#### THE TASK:
Skip the pictures. Return exactly the lines from the one containing "view of patio" through the end of the entries below.

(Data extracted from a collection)

==============================

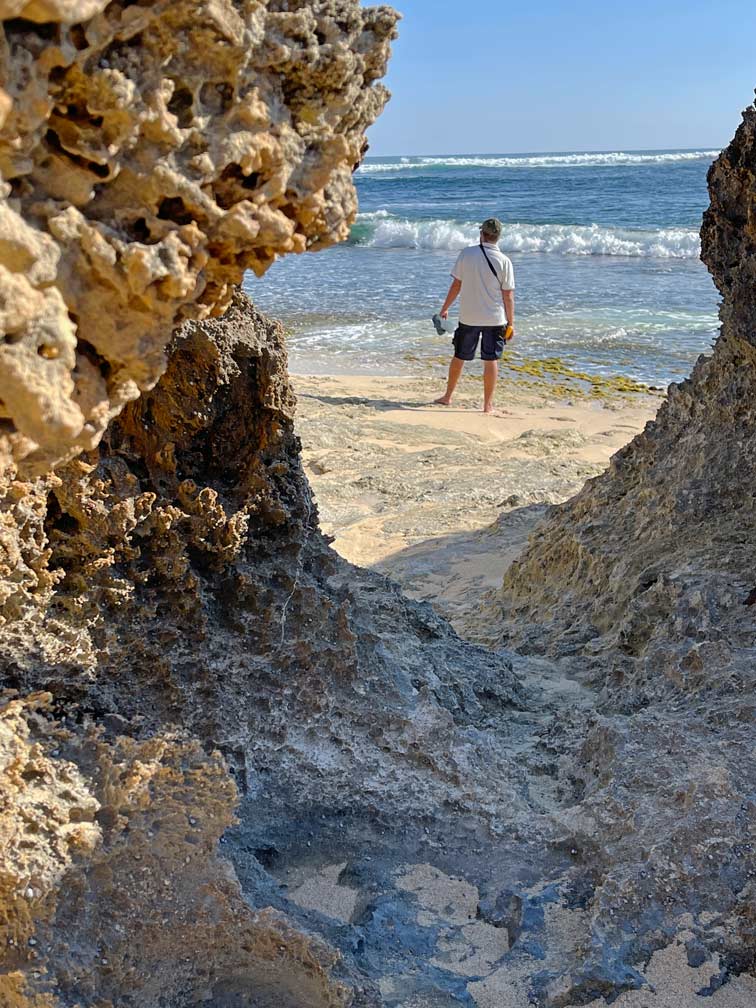 SĂĽdwesten Australiens - Highlights fĂĽr die 2-Wochen Rundreise ab Perth blick-durch-vom-wasser-ausgewaschene-felsen-auf-mann-der-am-meer-steht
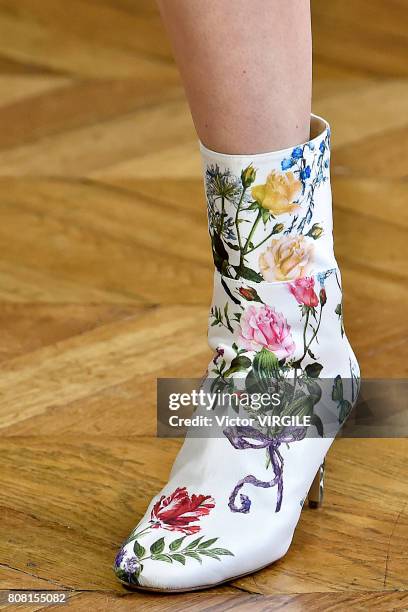 Model walks the runway during the Monique Lhuillier Ready to Wear Spring/Summer 2018 show as part of Haute Couture Paris Fashion Week on July 3, 2017...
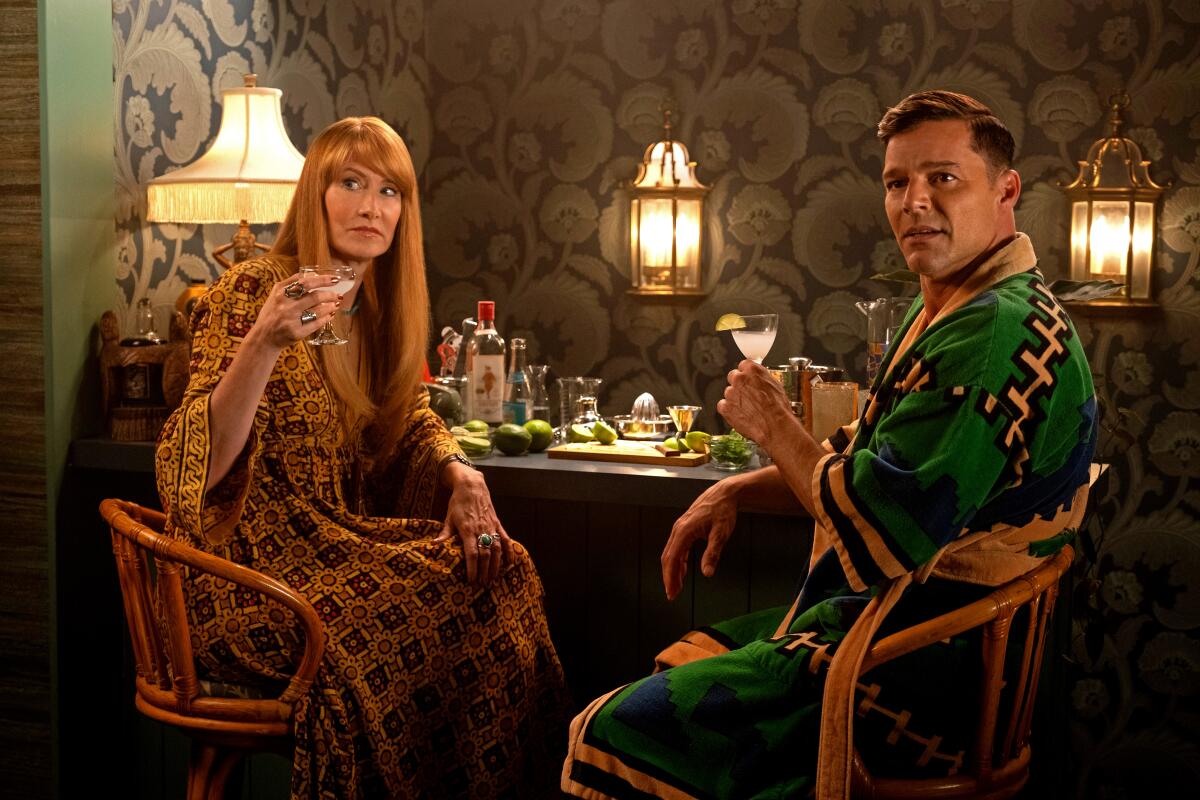 A man and woman sit at a bar with drinks in hand.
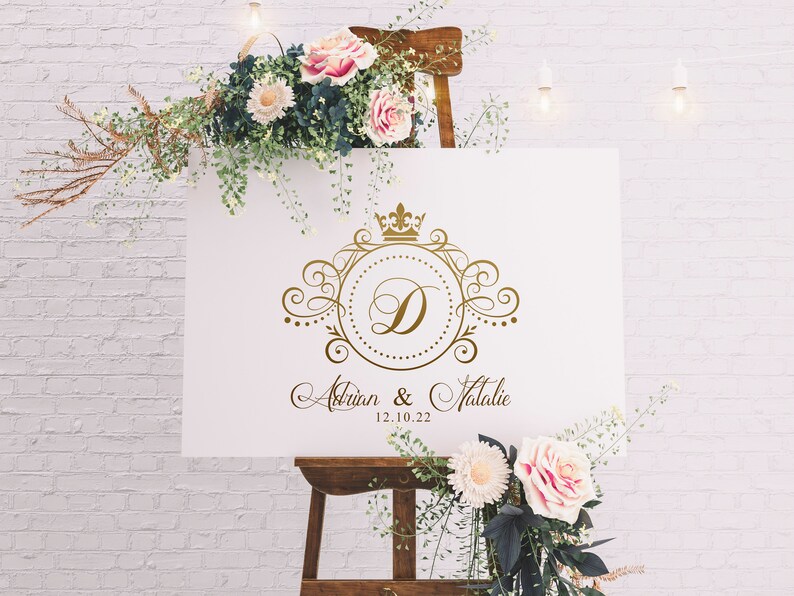 May include: White wedding sign with a gold ornate design featuring a crown and the letter D. The sign reads "Adrian & Natalie 12.10.22".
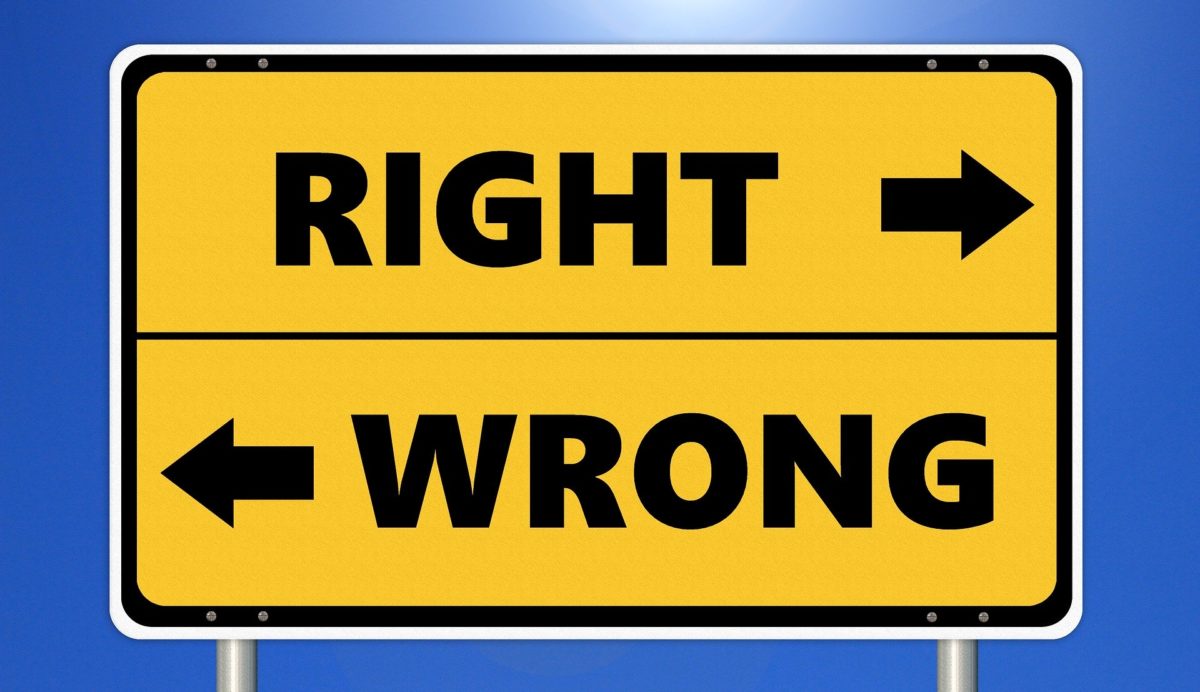 Image shows sign with 'right' pointing right and 'wrong' pointing left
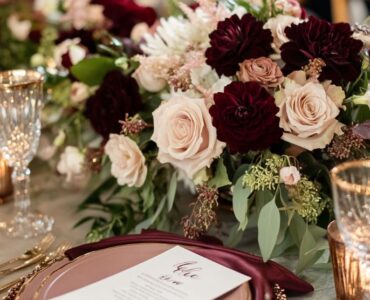 Stunning burgundy color palette with gold, blush, and navy accents, creating an elegant and cozy atmosphere for a winter wedding.
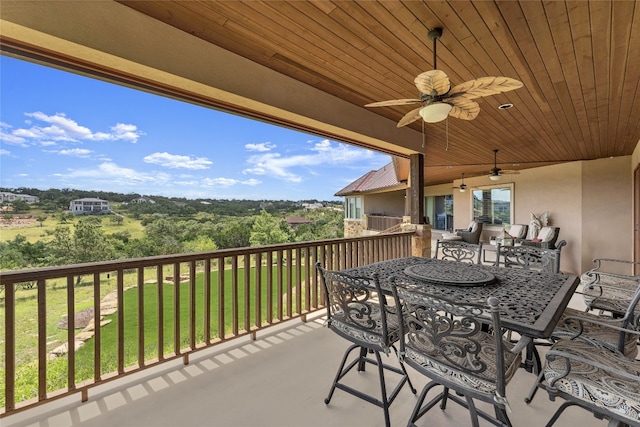 view of patio / terrace featuring outdoor dining space and ceiling fan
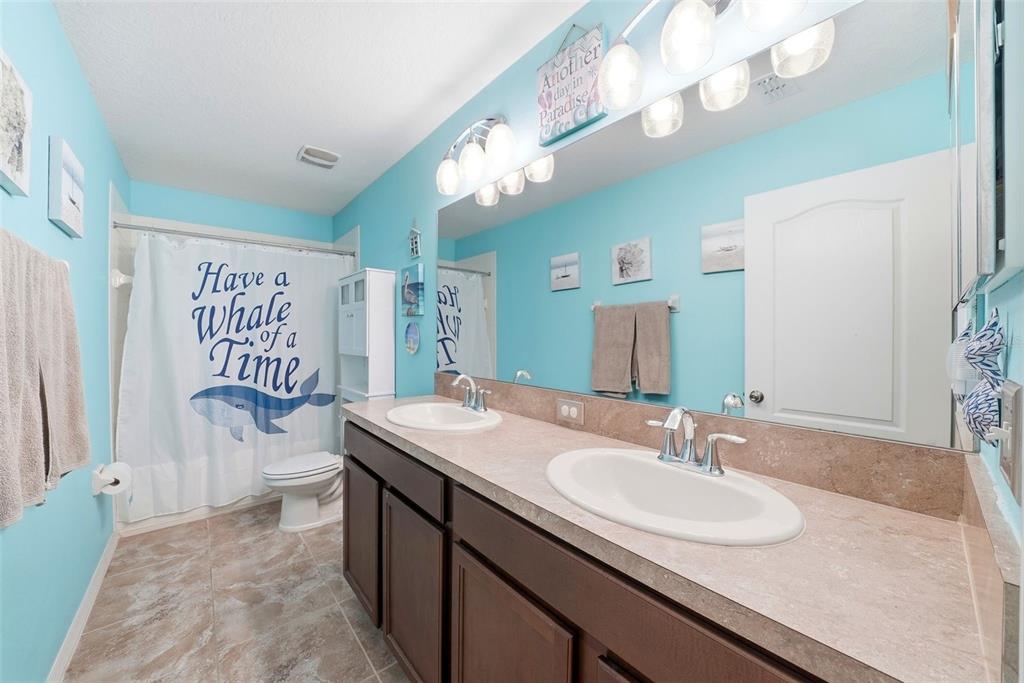 14604 Rannoch Moor Place Wimauma, FL 33598 - Photo 46 of 76 a bathroom with a sink a toilet and a mirror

==============================

#### TASK SOLUTION:
 view of patio / terrace featuring outdoor dining space and ceiling fan
 14604 Rannoch Moor Place Wimauma, FL 33598 - Photo 46 of 76 a bathroom with a sink a toilet and a mirror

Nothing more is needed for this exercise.